(Erbil) L’armée idéologique de la République islamique d’Iran a tiré des missiles dimanche contre une cible au Kurdistan d’Irak présentée comme un « centre stratégique » d’Israël, mais les autorités locales kurdes ont nié l’existence de tels sites de l’État hébreu sur leur territoire.

Ennemi juré de l’Iran, Israël n’a pas encore réagi aux accusations des Gardiens de la Révolution iraniens sur la présence d’un « centre israélien » à Erbil, la capitale de la région autonome du Kurdistan (nord).

« Douze missiles balistiques » ont été tirés depuis « l’extérieur des frontières orientales de l’Irak » vers Erbil faisant deux blessés, selon les autorités kurdes. Dans le secteur visé se trouvent un complexe résidentiel appartenant à un magnat kurde du pétrole et le bâtiment du consulat américain.

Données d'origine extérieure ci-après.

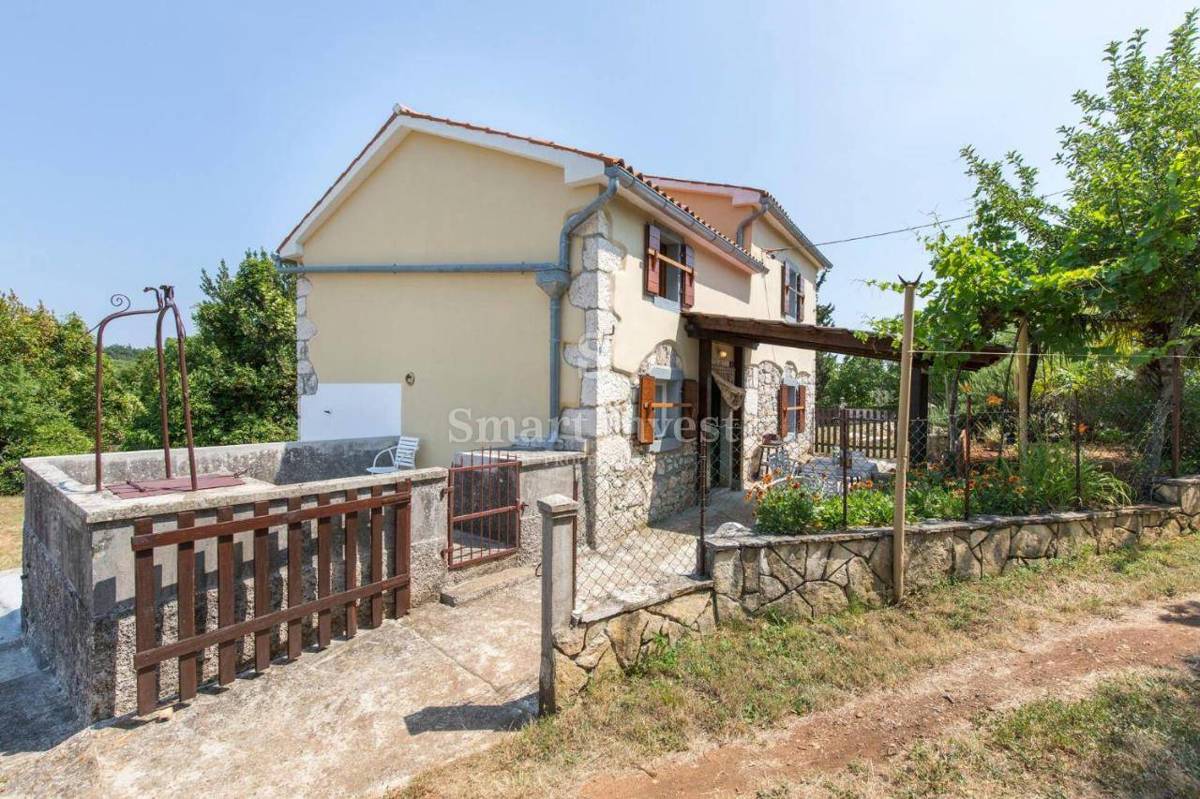 ISTRIA - zona RABAC, casa in pietra d'Istria a 11 km dal mare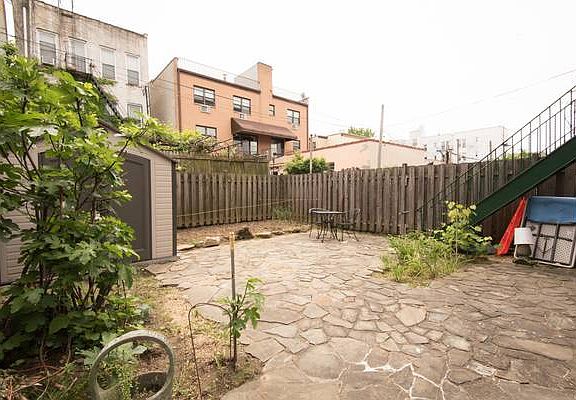 5th image of 2319 23rd Ave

L’Irak partage à l’Est une longue frontière avec l’Iran, qui joue chez son voisin un rôle politique et économique incontournable.

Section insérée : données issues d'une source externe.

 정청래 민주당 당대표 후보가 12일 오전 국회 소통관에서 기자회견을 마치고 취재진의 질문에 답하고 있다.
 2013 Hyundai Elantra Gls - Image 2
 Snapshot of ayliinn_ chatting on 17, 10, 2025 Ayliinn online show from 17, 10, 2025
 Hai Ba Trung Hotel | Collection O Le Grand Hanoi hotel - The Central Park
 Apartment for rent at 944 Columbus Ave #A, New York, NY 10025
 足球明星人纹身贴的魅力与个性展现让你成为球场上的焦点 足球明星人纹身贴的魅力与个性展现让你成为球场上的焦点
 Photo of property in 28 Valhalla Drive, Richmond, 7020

Sur leur site Sepah News, les Gardiens de la Révolution ont affirmé que « le centre stratégique de la conspiration et du vice des sionistes (Israël, NDLR) avait été visé par des missiles ».

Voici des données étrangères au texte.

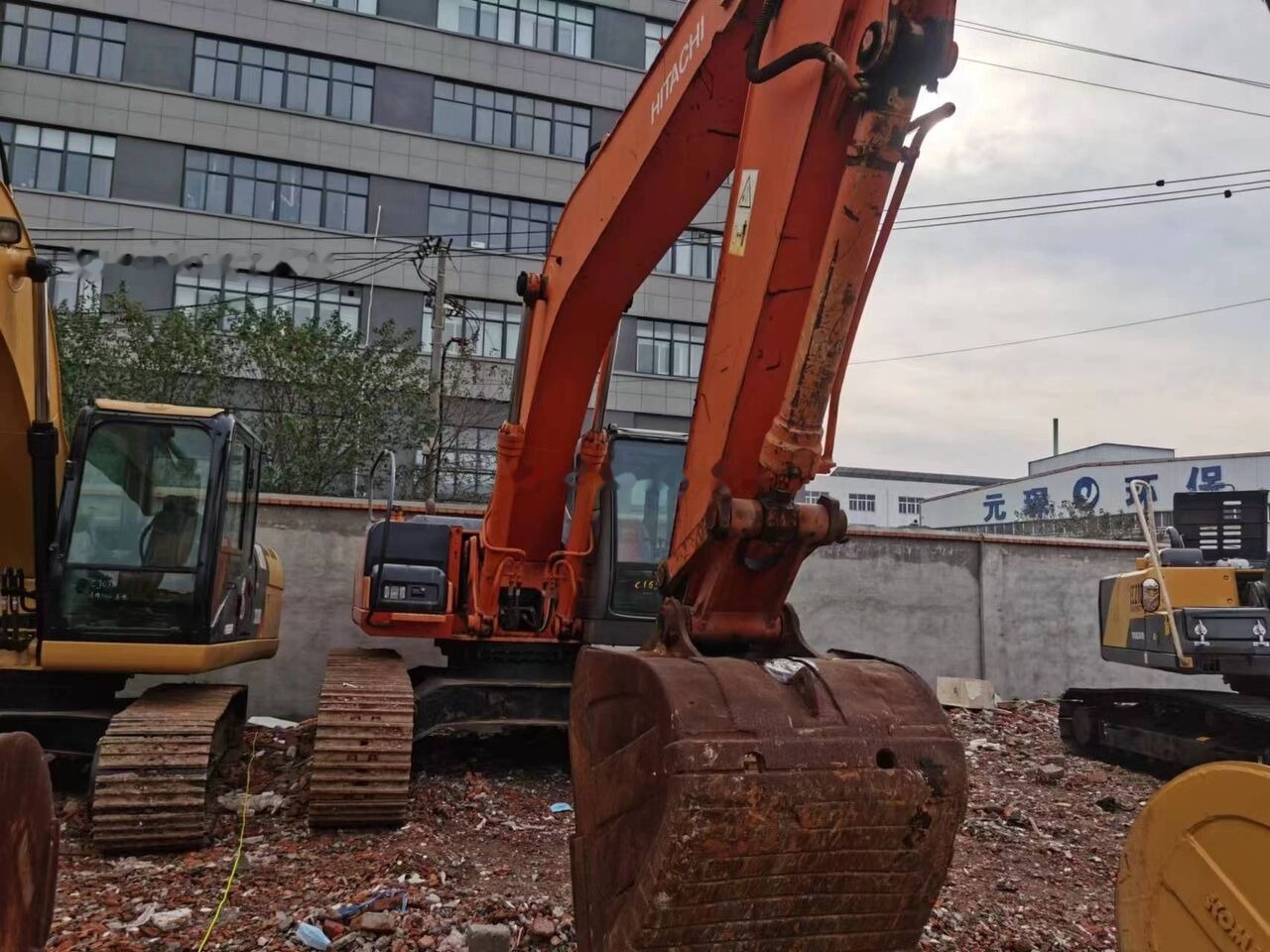 Hitachi ZX270 - Kettenbagger: das Bild 2 Hitachi ZX270 - Kettenbagger: das Bild 2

Mais les autorités du Kurdistan ont dénoncé « une justification visant uniquement à dissimuler le crime ».

« Il s’agit d’allégations sans fondement », a affirmé le gouverneur d’Erbil, Oumid Khouchnaw. « Il n’y a pas de sites israéliens dans la région, il n’y a que le nouveau bâtiment du consulat américain » dans la zone visée.

Si des hommes politiques kurdes ont plaidé pour une normalisation avec Israël, la ligne officielle du Kurdistan reste prudente dans un pays où ce sujet demeure largement tabou.

Les États-Unis, « pas la cible »

Les frappes contre Erbil ont eu lieu une semaine après la mort en Syrie de deux hauts gradés des Gardiens de la Révolution, tués dans une attaque imputée à Israël. « Le régime sioniste paiera pour ce crime », avaient averti les Gardiens.

À Washington, le département d’État a condamné les tirs dans un communiqué, ajoutant : « aucune installation américaine n’a été endommagée, aucun membre du personnel blessé ».

Un porte-parole du département d’État a ensuite indiqué que « les États-Unis n’étaient pas la cible » de l’attaque. « La plupart, sinon la totalité des missiles étaient dirigés vers un complexe résidentiel privé appartenant à un citoyen kurde irakien », a-t-il dit.

Après l’attaque, le Parti démocratique du Kurdistan (PDK), aux manettes à Erbil, a organisé pour les médias la visite d’une vaste résidence luxueuse, propriété d’un magnat kurde du pétrole, ravagée par les tirs.

L’attaque s’est produite avant l’aube. Trois explosions ont été entendues à Erbil par le correspondant de l’AFP.

Ziryan Wazir était lui au volant de son taxi. « Les vitres de ma voiture ont explosé, j’ai été blessé au visage », raconte le trentenaire alité, le crâne bandé.

Il est l’un des deux blessés par les tirs.

La chaîne de télévision locale Kurdistan24, dont les studios se trouvent non loin des nouveaux locaux du consulat américain, a publié des images de ses bureaux endommagés.

À Bagdad, le ministère des Affaires étrangères a convoqué l’ambassadeur d’Iran Iraj Masjidi et lui a fait part des protestations du gouvernement fédéral au sujet des frappes qualifiées de « violation flagrante de la souveraineté » de l’Irak, selon un communiqué.

Condamnations

En janvier 2020, en représailles à l’élimination par les États-Unis du général iranien Qassem Soleimani à Bagdad, l’Iran a tiré 22 missiles sol-sol sur deux bases abritant des soldats américains en Irak, faisant des blessés.

Rarement revendiquées, des attaques aux roquettes et drones ces dernières années contre les intérêts américains et les troupes de la coalition internationale antidjihadistes en Irak sont généralement imputées par Washington à des factions irakiennes pro-Iran, qui réclament le départ des soldats américains déployés en Irak.

La dernière attaque à Erbil remonte à septembre dernier quand des drones armés ont ciblé l’aéroport sans faire de victime.

À l’étranger, Paris a condamné l’attaque iranienne qui « menace la stabilité de l’Irak et de la région ». L’Union européenne a jugé qu’il n’y avait « pas de justification pour un tel acte de violence contre le territoire d’un État souverain ».  

« Les responsables (de cette attaque) doivent répondre de leurs actes », a estimé l’Allemagne.

L’Arabie saoudite, grand rival régional de l’Iran, a exprimé sa « solidarité » avec l’Irak.

Les tirs iraniens sont intervenus par ailleurs au moment où les négociations pour relancer l’accord de 2015 sur le nucléaire iranien ont été suspendues.